As Kei enlists the help of Murase and Nonoo to locate Ukawa, Haruki, whom he doesn’t enlist, just happens to visit the cat shrine, just for the heck of it.

Haruki expresses how she feels and how she’s worried her recent increased “selfishness” will annoy Kei. Nonoo doesn’t think it will, nor does she subscribe to Haruki’s notions of “being good enough.”

Haruki already has become more than Kei could ever have hoped for. The emotions she now feels are still new, but fiercely felt; a warm fire now burns within her cool, calm exterior. If she were to kiss Kei now, as opposed to the first time, I don’t doubt she’d actually feel something…feel quite a bit, for that matter.
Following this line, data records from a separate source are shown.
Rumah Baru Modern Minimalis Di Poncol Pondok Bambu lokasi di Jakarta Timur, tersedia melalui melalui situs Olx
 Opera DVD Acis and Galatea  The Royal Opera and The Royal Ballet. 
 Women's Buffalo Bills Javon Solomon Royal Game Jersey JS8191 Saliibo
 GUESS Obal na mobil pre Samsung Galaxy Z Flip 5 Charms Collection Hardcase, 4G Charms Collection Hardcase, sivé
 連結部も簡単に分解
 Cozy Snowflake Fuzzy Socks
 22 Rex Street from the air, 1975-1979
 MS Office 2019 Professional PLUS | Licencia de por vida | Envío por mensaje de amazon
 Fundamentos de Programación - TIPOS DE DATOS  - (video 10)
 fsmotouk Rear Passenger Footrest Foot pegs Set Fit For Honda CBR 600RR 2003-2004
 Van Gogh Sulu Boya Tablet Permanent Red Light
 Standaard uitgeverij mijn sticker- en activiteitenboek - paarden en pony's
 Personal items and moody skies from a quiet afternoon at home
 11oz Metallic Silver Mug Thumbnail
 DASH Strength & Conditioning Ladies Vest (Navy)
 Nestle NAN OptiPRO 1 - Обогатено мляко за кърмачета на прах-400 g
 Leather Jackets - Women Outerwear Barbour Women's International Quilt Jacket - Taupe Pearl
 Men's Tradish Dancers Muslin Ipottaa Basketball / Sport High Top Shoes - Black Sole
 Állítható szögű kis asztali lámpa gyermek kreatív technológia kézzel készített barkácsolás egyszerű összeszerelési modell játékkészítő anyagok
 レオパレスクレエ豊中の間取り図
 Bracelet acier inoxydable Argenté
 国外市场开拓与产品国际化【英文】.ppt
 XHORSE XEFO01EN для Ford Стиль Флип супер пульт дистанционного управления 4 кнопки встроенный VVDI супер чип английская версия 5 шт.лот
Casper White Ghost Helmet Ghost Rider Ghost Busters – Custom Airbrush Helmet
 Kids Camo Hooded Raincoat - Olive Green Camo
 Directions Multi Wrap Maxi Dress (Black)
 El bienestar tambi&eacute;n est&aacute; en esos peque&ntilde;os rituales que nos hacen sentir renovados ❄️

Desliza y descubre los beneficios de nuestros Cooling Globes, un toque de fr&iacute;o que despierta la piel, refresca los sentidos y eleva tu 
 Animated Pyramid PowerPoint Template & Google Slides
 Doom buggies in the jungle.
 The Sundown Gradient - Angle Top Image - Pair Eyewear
As for Kei’s attempt to get to Ukawa before the Bureau, it fails. Ukawa unleashes her ability, and the rainy clouds part. Kei’s entreaties to Tsushima, about why abilities are the one problem out of all of the problems in the world, that must be dealt with, are largely brushed aside.

Tsushima urges Kei to embrace becoming a normal high school student, which also means being a normal boyfriend, and eventually a normal salaryman and husband and father. And as I’ve mentioned in earlier reviews…would that really be the worst thing? Kei and Haruki are, as their advisor says, burdened with too many unnecessary things.

Those things are very much putting a lot of strain on someone, trying to be a hero, but sacrificing his own life and happiness in the process. Tsushima thinks that’s wrong, and it’s why he convinced Ukawa to use her ability, thus compelling the Bureau to eliminate abilities.

But this episode presents a new and potentially terrifying prospect: Asai Kei can’t ever be normal. Urachi and the Bureau will eliminate abilities by eliminating memories of them in every man, woman, and child in Sakurada. But Kei’s memories won’t be affected.

Kei alone will remember the forty years of time Sakurada was a town of ability users. He is a loose end, and the way he sees it, killing him is the only way to eliminate his memories. Will Urachi stoop that low? Can he really call the town he’s trying to bring about “sacred” after that?

I’m gonna say no. I’m also gonna say…Poor Kei and Haruki! These kids can’t catch a damn break.

Sagrada Reset – 17

Another week, another dense, intricate Sakurada Reset. Let’s wade in, shall we? First of all, Souma’s second voice message to Kei leads to another incident involving abilities – specifically, an entire supermarket breaks out in laughter, including Kei and Haruki, which is actually pretty momentous considering how subtly the two usually express emotion.

That night, Hitsuchi calls just when Kei is about to call him, asking him for a head shot of Souma Sumire. He also tells Kei about about the Bureau’s current fear of every ability user in Sakurada using their abilities simultaneously.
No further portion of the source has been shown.